Task directions:
Your reply should restate the lines from the top of the entries through the line containing "Woman wearing a" word for word, with no pictures.
═════ Study material
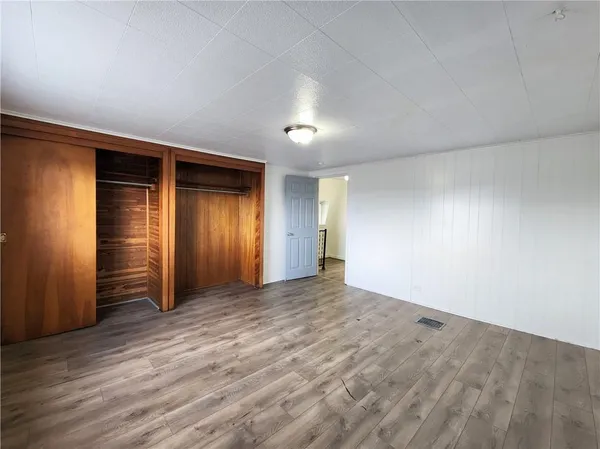 an empty room with closet area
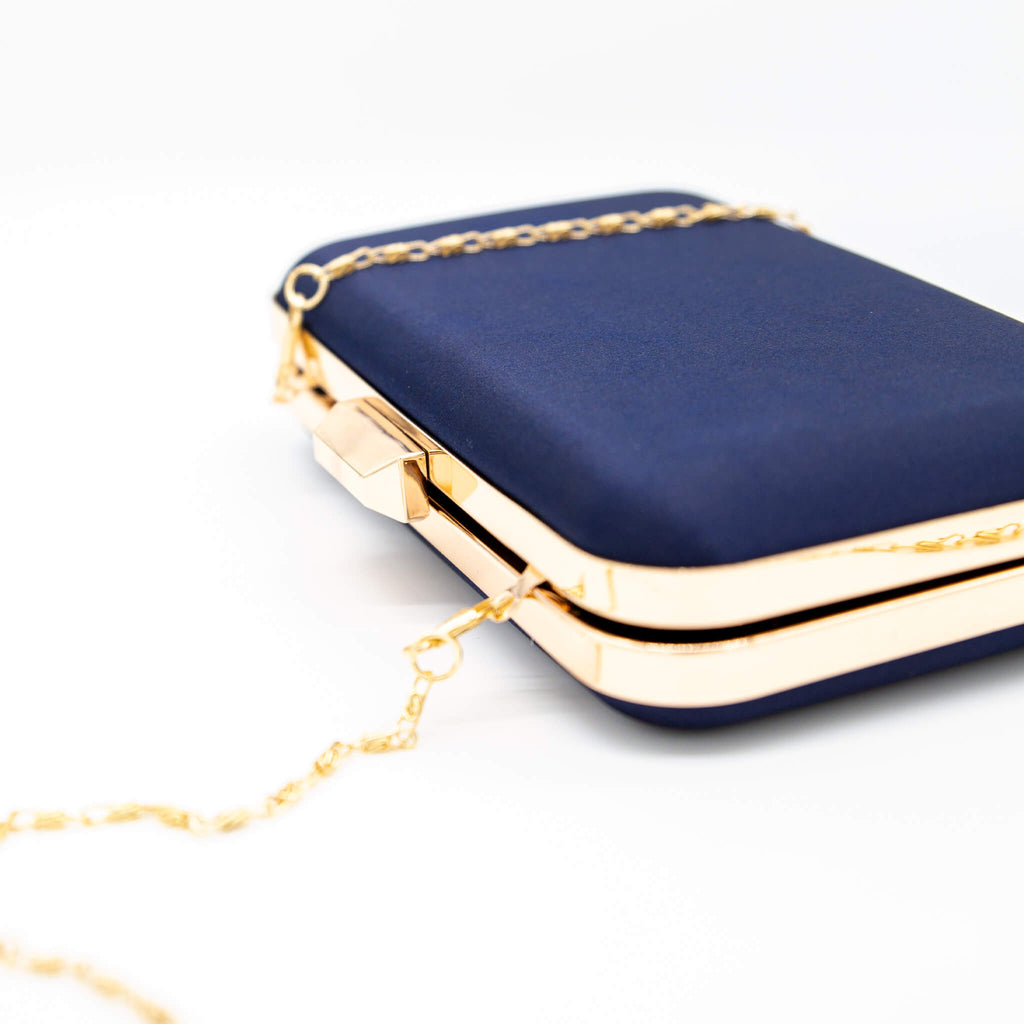 navy blue and gold clutch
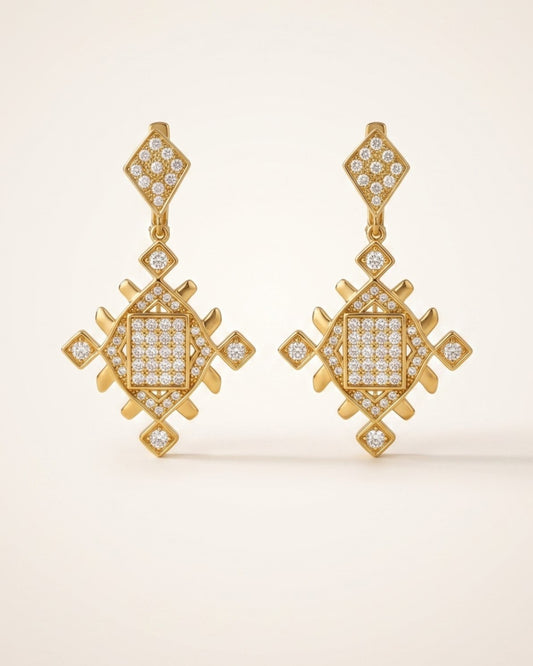 Pair of gold Lion’s Paw statement earrings with sparkling cubic zirconia details displayed on a soft neutral background.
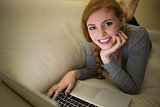 Smiling redhead lying on the sofa with her laptop at night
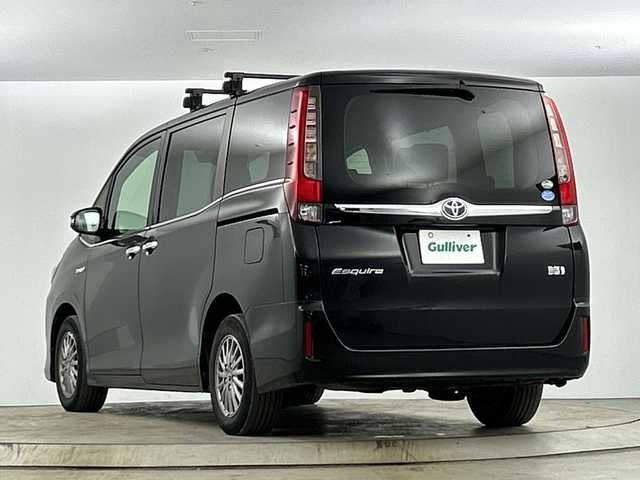 トヨタ エスクァイア ハイブリッド Gi 愛知県 2015(平27)年 6.8万km ブラック 禁煙車/純正9インチナビ/(Bluetooth CD DVD SD FM AM フルセグTV)/ワイヤレス充電/ルーフキャリア/バックカメラ/クルーズコントロール/車両接近通報装置/電動パーキングスイッチ/ビルトインETC/両側パワースライドドア/レザーシート/前席シートヒーター/ナノイー/純正フロアマット/純正15インチアルミホイール/HIDヘッドライト/フロントフォグランプ/Wエアコン/ISO FIX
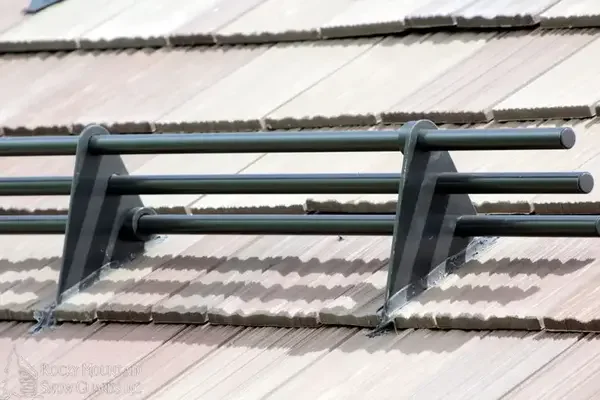 Rail style snow guards - Need: 300x200px image of rail-style snow guard system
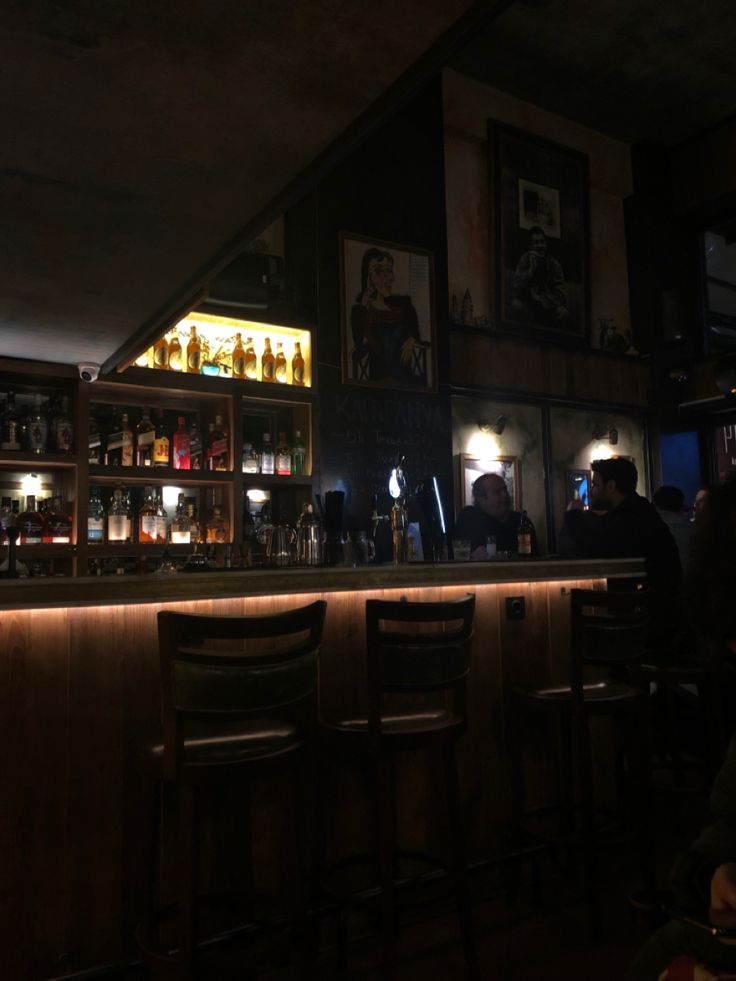 a dimly lit bar with several bottles on the shelves and people sitting at the bar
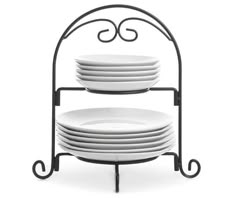 a stack of white plates sitting on top of a metal stand with black iron frame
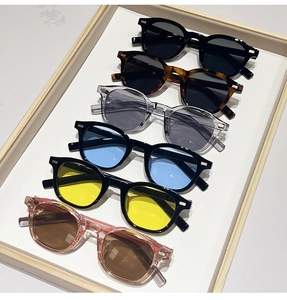 Detailed view of oval leopard print and black vintage sunglasses with metal rivets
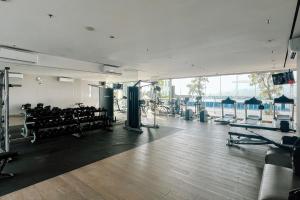 a gym with benches and equipment in a building at Lavy at Anderson Pakuwon Mall in Surabaya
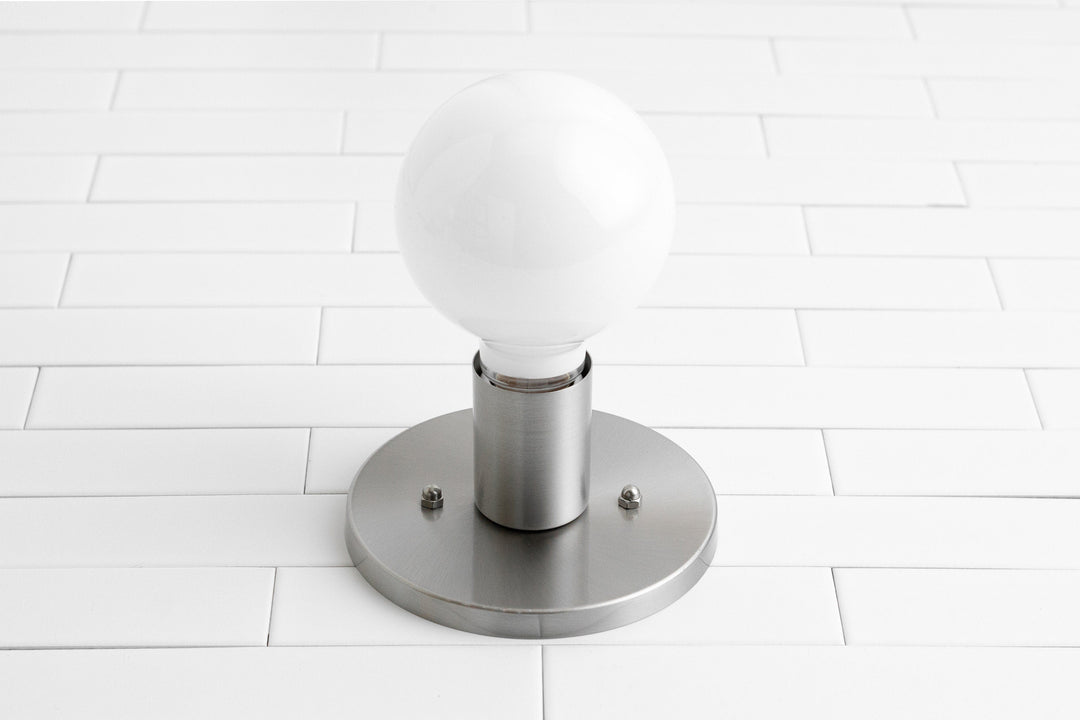 Aplique de pared minimalista de vidrio Glorica: una luz moderna y versátil para cualquier habitación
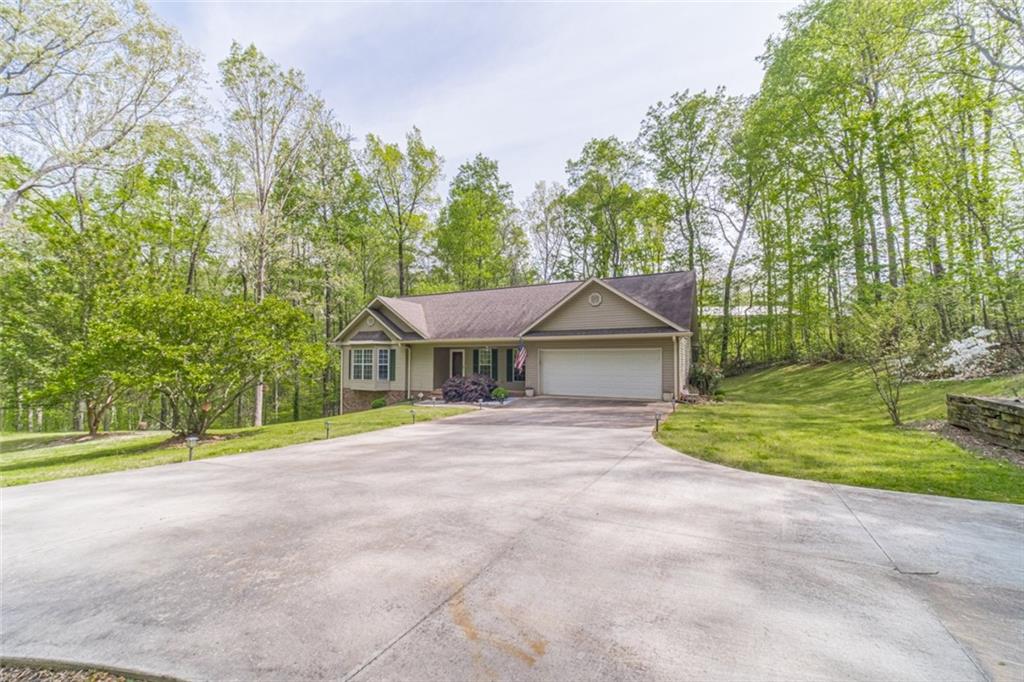 4761 East Hall Road Gainesville, GA 30507 - Photo 1 of 1 a front view of a house with a yard and trees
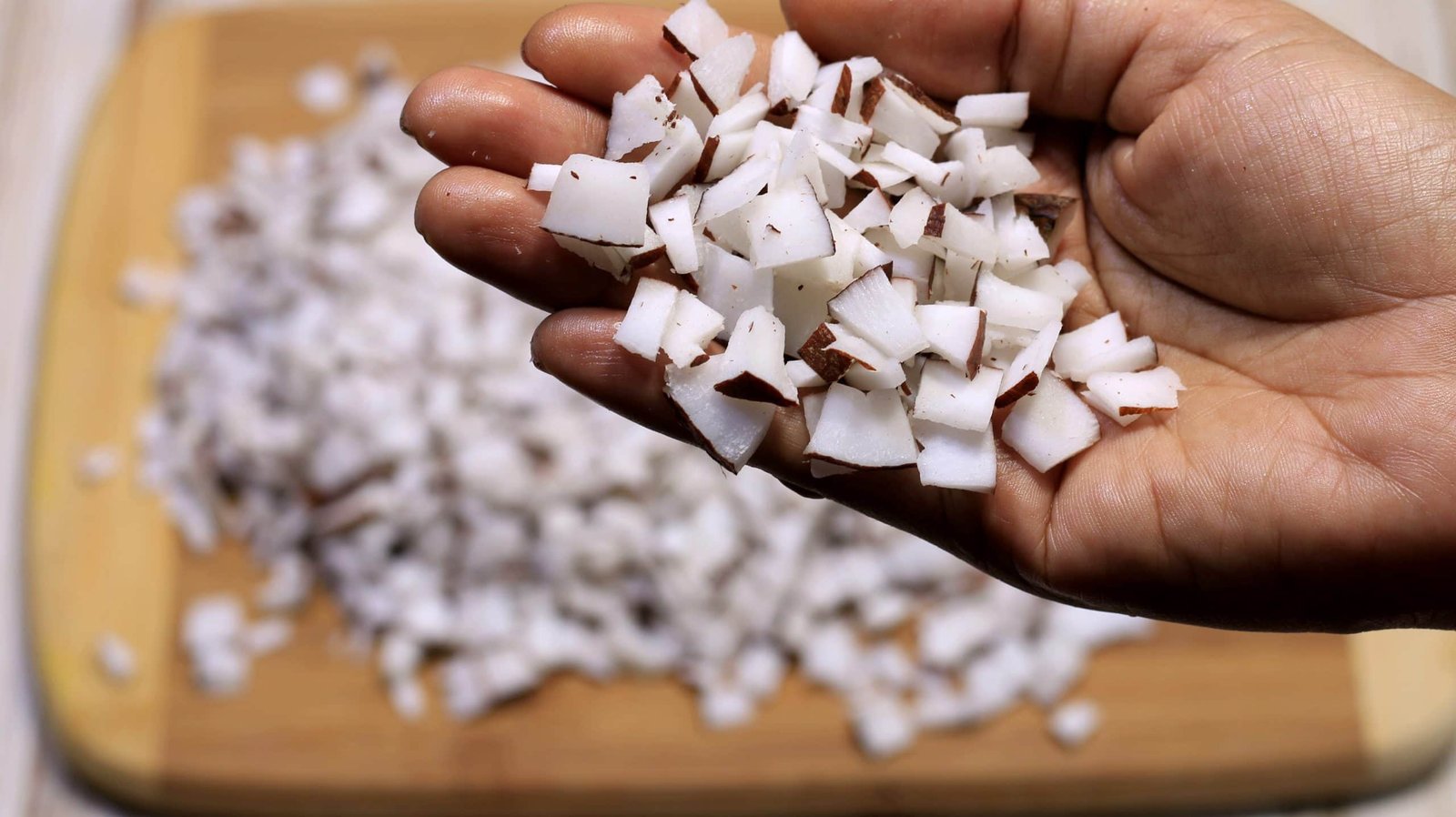 Shell and dice the coconut into smaller pieces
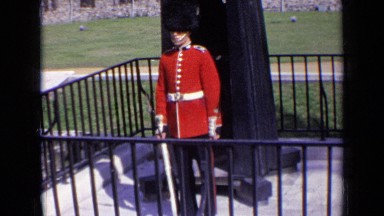 1963: royal british guard stands like statue at his post, guarding castle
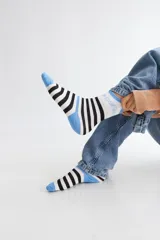 Medias de algodón con diseño a rayas verticales negras y blancas, con detalles en azul celeste en el talón, puntera y puño. Presentan texto bordado en la caña.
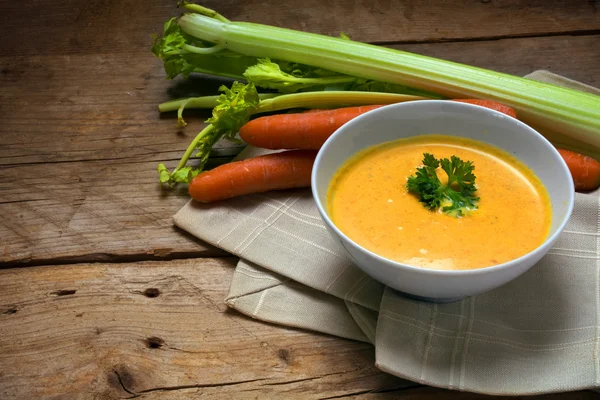 Karottensuppe mit Sahne, Sellerie und Petersilie garniert in einer Schüssel auf rustikalem Holz, Kopierraum — Stockfoto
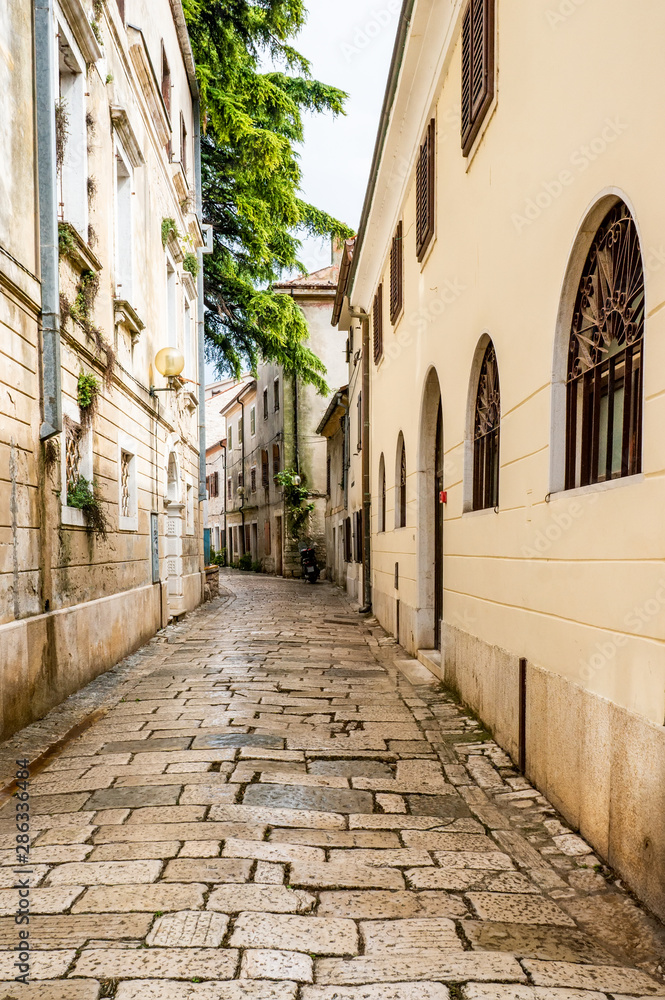 A typical narrow European street with a cobbled pavement. Croatia, the city of Porec A typical narrow European street with a cobbled pavement. Croatia, the city of Porec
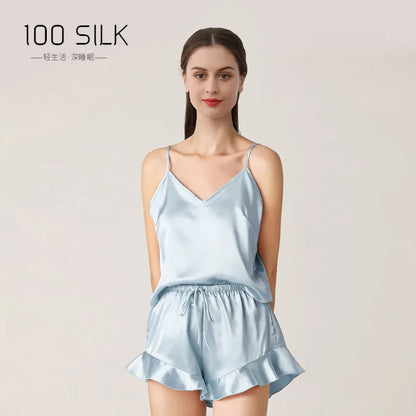 Woman wearing a light blue silk pajama set with '100 Silk' branding on a plain background.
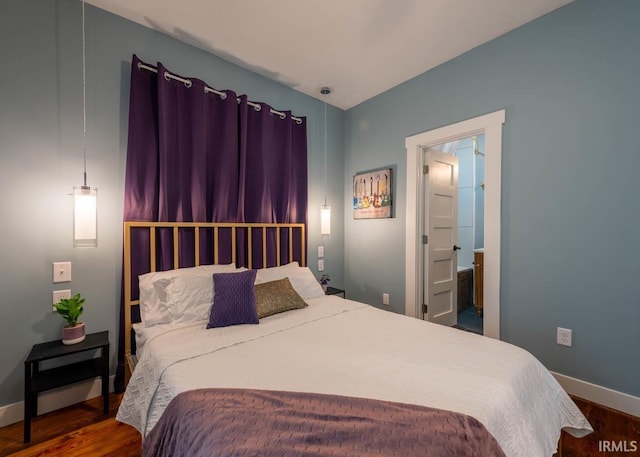 bedroom featuring wood-type flooring and ensuite bath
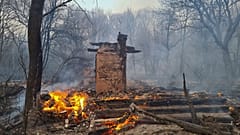 A house burns in the exclusion zone around the Chernobyl nuclear power plant, April 5, 2020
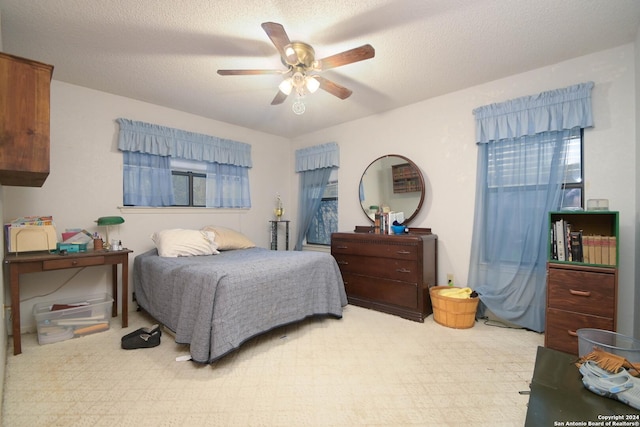 bedroom featuring a textured ceiling and ceiling fan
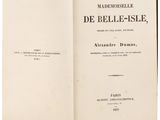 an open book with a black and white title on it
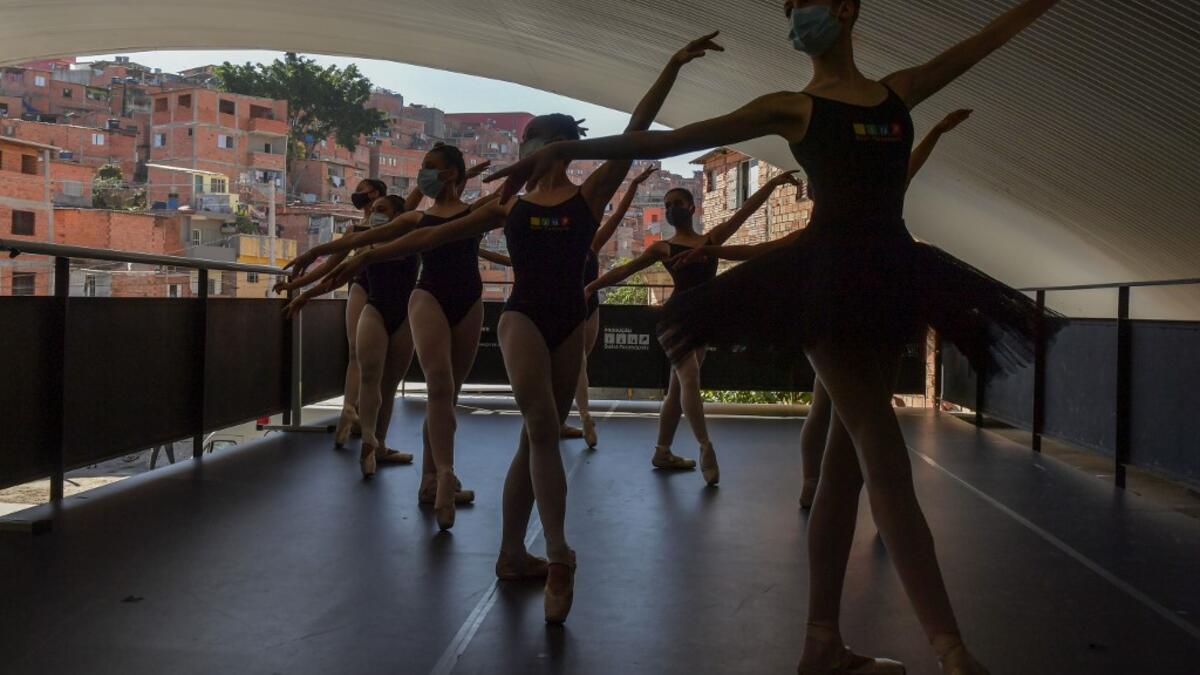 e 200 ballet students of Paraisopolis, the second largest favela in Sao Paulo, restarted rehearsals after five months with a coreography about a police operation that put their community in mourning last year. NELSON ALMEIDA / AFP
══════════
Response below:
 an empty room with closet area
 navy blue and gold clutch
 Pair of gold Lion’s Paw statement earrings with sparkling cubic zirconia details displayed on a soft neutral background.
 Smiling redhead lying on the sofa with her laptop at night
 トヨタ エスクァイア ハイブリッド Gi 愛知県 2015(平27)年 6.8万km ブラック 禁煙車/純正9インチナビ/(Bluetooth CD DVD SD FM AM フルセグTV)/ワイヤレス充電/ルーフキャリア/バックカメラ/クルーズコントロール/車両接近通報装置/電動パーキングスイッチ/ビルトインETC/両側パワースライドドア/レザーシート/前席シートヒーター/ナノイー/純正フロアマット/純正15インチアルミホイール/HIDヘッドライト/フロントフォグランプ/Wエアコン/ISO FIX
 Rail style snow guards - Need: 300x200px image of rail-style snow guard system
 a dimly lit bar with several bottles on the shelves and people sitting at the bar
 a stack of white plates sitting on top of a metal stand with black iron frame
 Detailed view of oval leopard print and black vintage sunglasses with metal rivets
 a gym with benches and equipment in a building at Lavy at Anderson Pakuwon Mall in Surabaya
 Aplique de pared minimalista de vidrio Glorica: una luz moderna y versátil para cualquier habitación
 4761 East Hall Road Gainesville, GA 30507 - Photo 1 of 1 a front view of a house with a yard and trees
 Shell and dice the coconut into smaller pieces
 1963: royal british guard stands like statue at his post, guarding castle
 Medias de algodón con diseño a rayas verticales negras y blancas, con detalles en azul celeste en el talón, puntera y puño. Presentan texto bordado en la caña.
 Karottensuppe mit Sahne, Sellerie und Petersilie garniert in einer Schüssel auf rustikalem Holz, Kopierraum — Stockfoto
 A typical narrow European street with a cobbled pavement. Croatia, the city of Porec A typical narrow European street with a cobbled pavement. Croatia, the city of Porec
 Woman wearing a light blue silk pajama set with '100 Silk' branding on a plain background.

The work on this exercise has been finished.